## Your task
Copy out exactly, from the entries that follow, the line holding "Black cat face", the line holding "Group portrait photography", and all lines between them, but no pictures.

## Dataset records
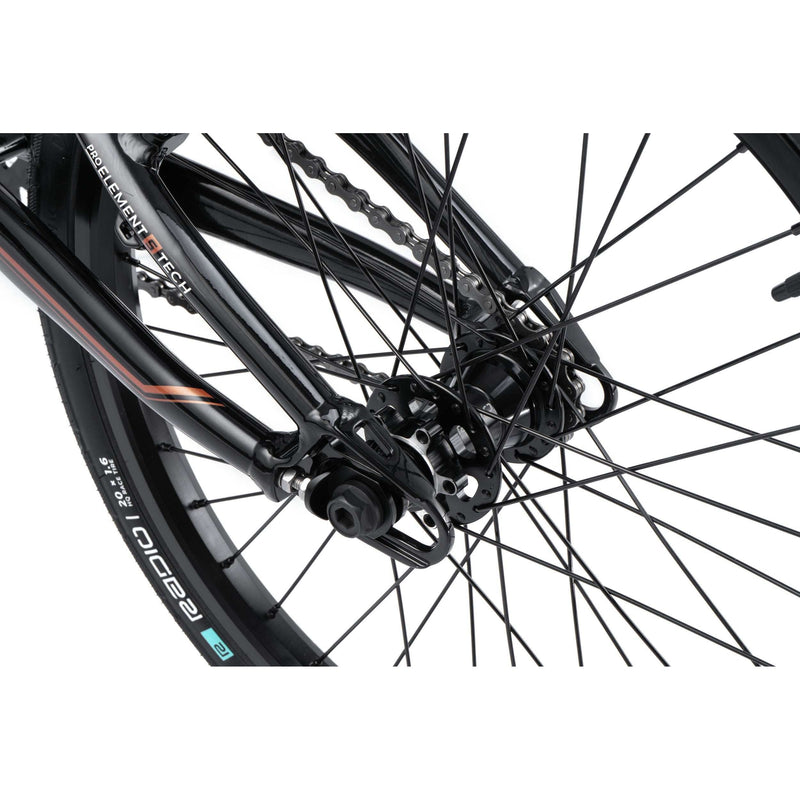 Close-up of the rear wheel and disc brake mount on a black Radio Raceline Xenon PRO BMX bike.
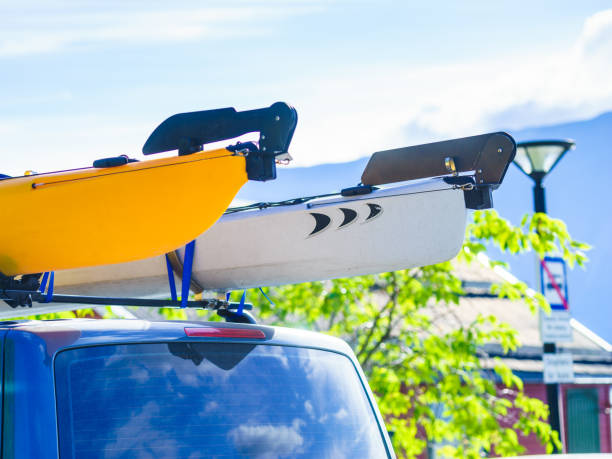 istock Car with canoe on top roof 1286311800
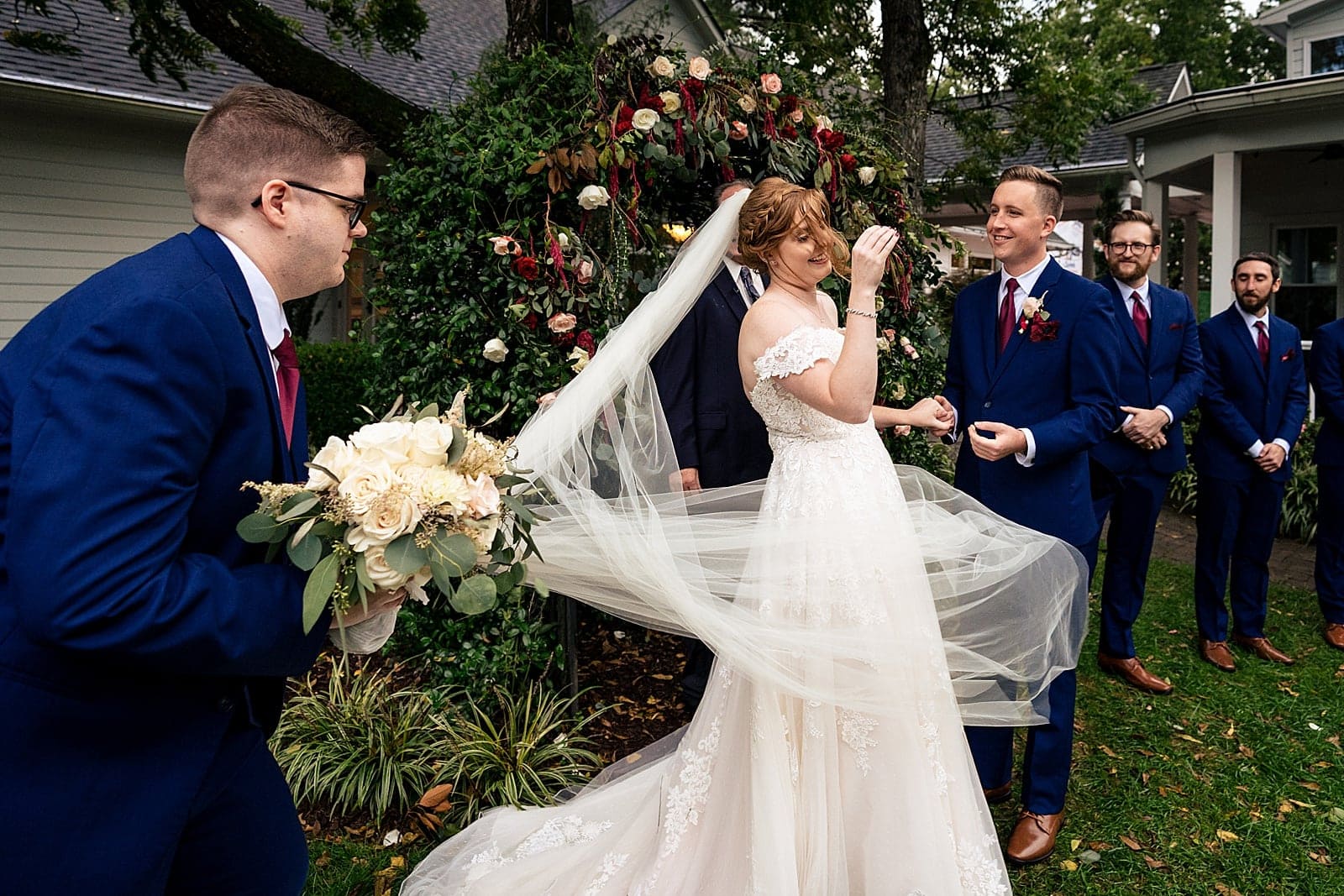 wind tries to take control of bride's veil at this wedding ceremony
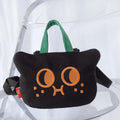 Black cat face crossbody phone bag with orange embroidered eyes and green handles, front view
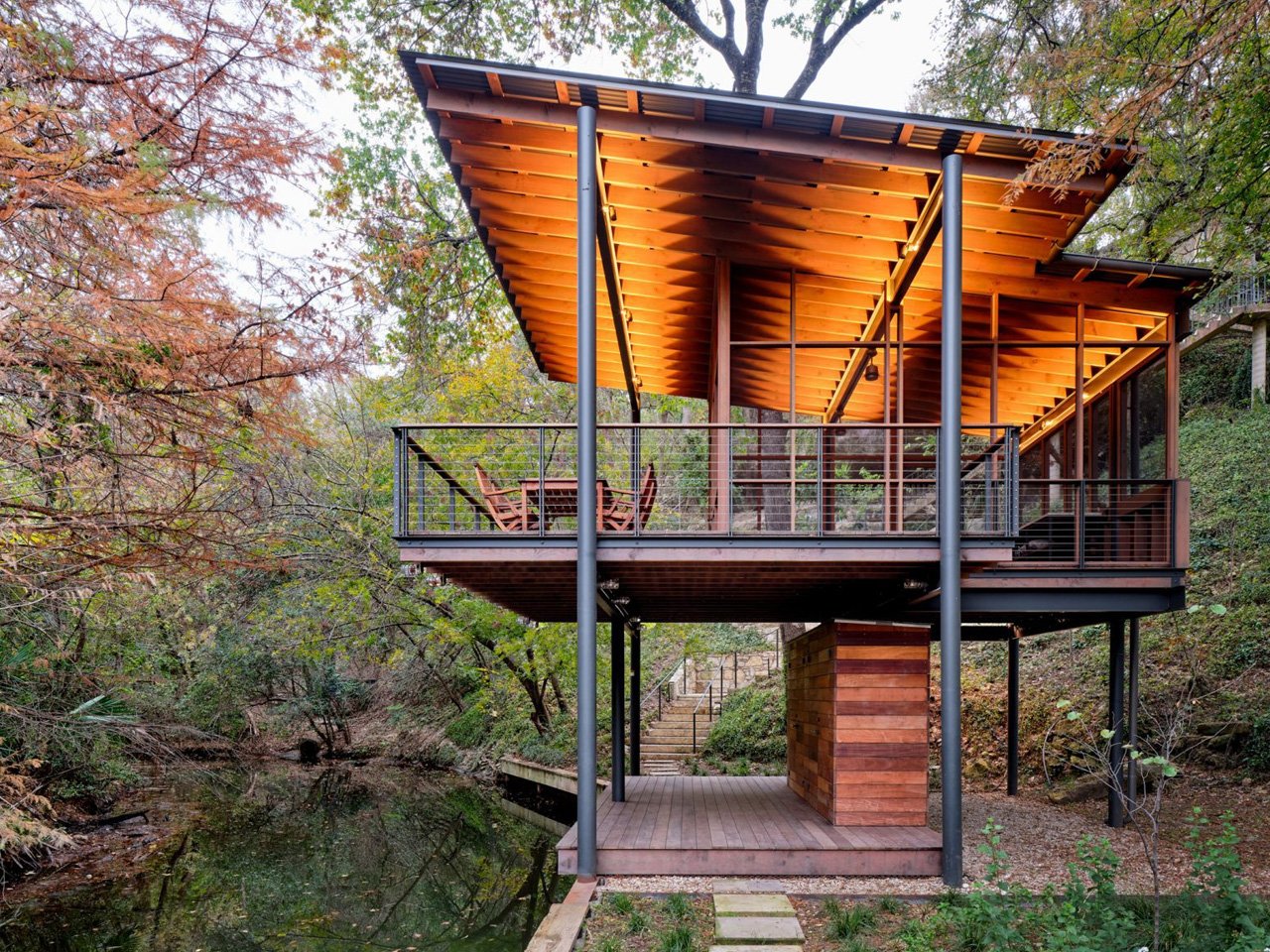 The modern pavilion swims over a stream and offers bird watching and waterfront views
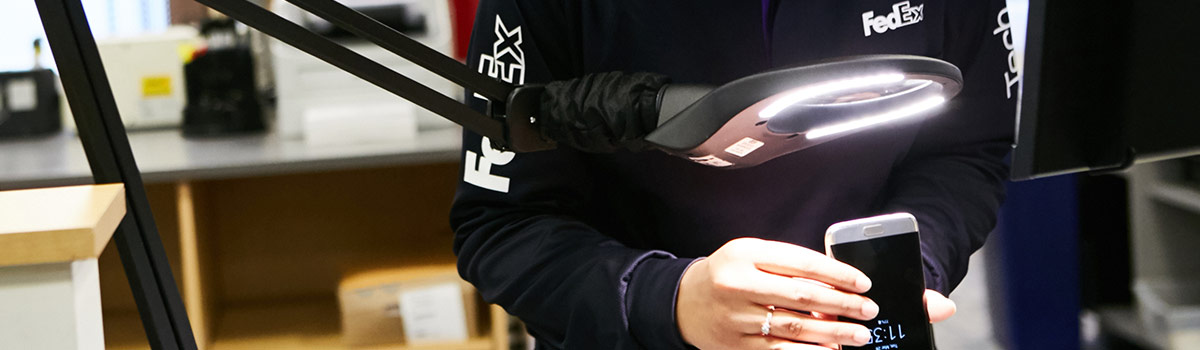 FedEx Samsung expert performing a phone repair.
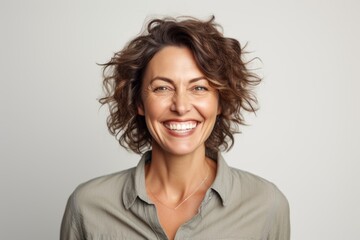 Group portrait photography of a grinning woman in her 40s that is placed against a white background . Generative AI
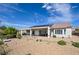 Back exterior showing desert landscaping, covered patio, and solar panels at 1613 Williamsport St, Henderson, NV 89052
--
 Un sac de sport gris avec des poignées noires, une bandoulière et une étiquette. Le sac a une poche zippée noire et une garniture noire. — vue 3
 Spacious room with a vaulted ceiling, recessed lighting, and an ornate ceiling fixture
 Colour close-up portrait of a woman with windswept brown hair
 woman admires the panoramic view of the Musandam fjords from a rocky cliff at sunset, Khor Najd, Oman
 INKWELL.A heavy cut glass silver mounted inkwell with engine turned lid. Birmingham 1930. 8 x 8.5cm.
...
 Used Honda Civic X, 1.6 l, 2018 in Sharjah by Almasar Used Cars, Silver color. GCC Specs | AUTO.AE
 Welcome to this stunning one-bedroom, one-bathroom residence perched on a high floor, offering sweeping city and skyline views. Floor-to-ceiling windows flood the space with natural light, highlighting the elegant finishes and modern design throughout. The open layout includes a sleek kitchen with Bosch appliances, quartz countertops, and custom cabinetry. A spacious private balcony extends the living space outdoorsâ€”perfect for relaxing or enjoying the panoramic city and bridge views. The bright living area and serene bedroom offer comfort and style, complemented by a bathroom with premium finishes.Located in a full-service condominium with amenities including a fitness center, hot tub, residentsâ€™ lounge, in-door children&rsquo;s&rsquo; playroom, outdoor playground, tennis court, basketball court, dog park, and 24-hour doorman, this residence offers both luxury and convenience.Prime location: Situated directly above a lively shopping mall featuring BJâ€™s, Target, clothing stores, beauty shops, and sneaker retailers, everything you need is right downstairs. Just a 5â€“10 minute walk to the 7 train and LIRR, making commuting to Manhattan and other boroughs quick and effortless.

## Task solution
 Black cat face crossbody phone bag with orange embroidered eyes and green handles, front view
 The modern pavilion swims over a stream and offers bird watching and waterfront views
 FedEx Samsung expert performing a phone repair.
 Group portrait photography of a grinning woman in her 40s that is placed against a white background . Generative AI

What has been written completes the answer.